Il est évident que toutes ces réalisations fondamentales ont transformé la vie des habitants de St Illide à un point tel que leur absence paraîtrait aujourd'hui inimaginable.
Une défaillance sur un de ces réseaux devient très vite un drame qui appelle immédiatement protestations et mesures d'urgence...

Mais revenons un moment sur l'électrification de la commune, particulièrement l'éclairage public :

C'est en 1915 que M. CARLES, propriétaire du moulin de Puech-Mège, fournit l'électricité aux particuliers de la commune, en sa qualité de concessionnaire pour 25 ans, mais aussi « l'éclairage à la lumière électrique du bourg de St Illide et des villages de ladite commune, de l'Hospice d'Albart ainsi que des propriétés communales » (délibération du 10 mai 1913).

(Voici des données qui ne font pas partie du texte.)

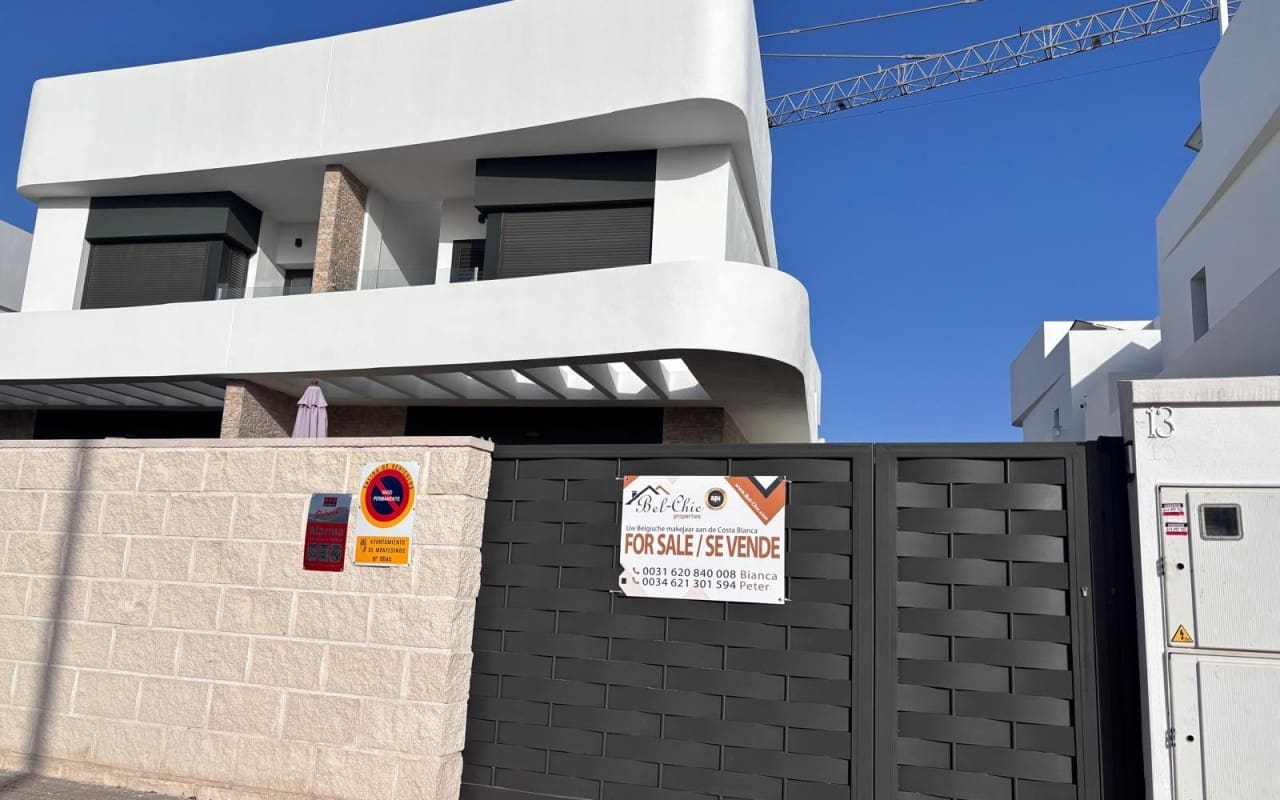 2 bedroom Villa for sale in Los Montesinos - € 374,500 (Ref: 9793129)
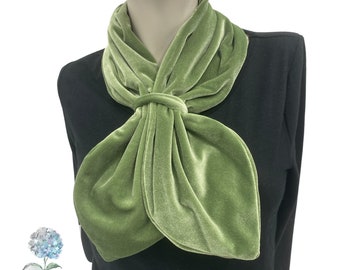 Bufanda verde claro, bufanda de terciopelo, lista para enviar, regalo de cumpleaños de último minuto, hecho a mano en los EE.UU.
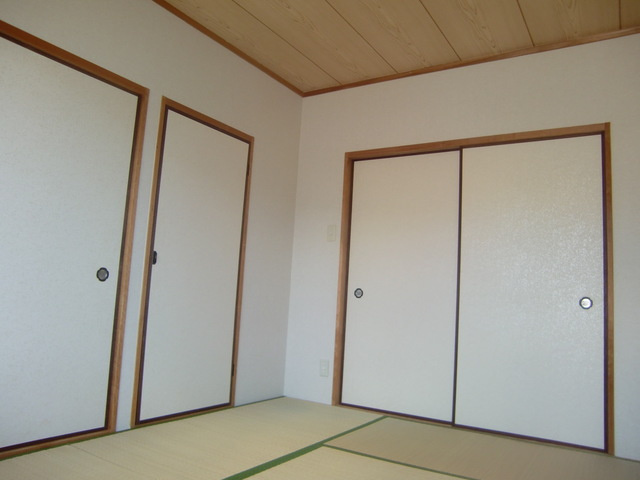 シャンテ本山の居間・リビング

Quelques mois plus tard, le 6 novembre 1913, le conseil municipal fixe très précisément les conditions de l'accord :
Le concessionnaire installera « 10 lampes pour les voies publiques, la cabine du transformateur se trouvera derrière l’église. L’installation des lampes sur les voies publiques et dans la Mairie sera faite gratuitement par M. CARLES. »
Le tarif est de « 24 francs par an et par lampe de 25 bougies, comprenant l’installation, l’entretien et le remplacement des lampes hors de service, mais non les lampes brisées (ces dernières seront fournies à la commune à prix coûtant ). La Mairie sera éclairée gratuitement au moyen de deux lampes de 16 bougies dans la salle du conseil municipal et d’une lampe de 25 bougies en bas de l’escalier conduisant à la Mairie. »

Il n’y a pas de petites économies quand il s’agit de ménager les deniers publics…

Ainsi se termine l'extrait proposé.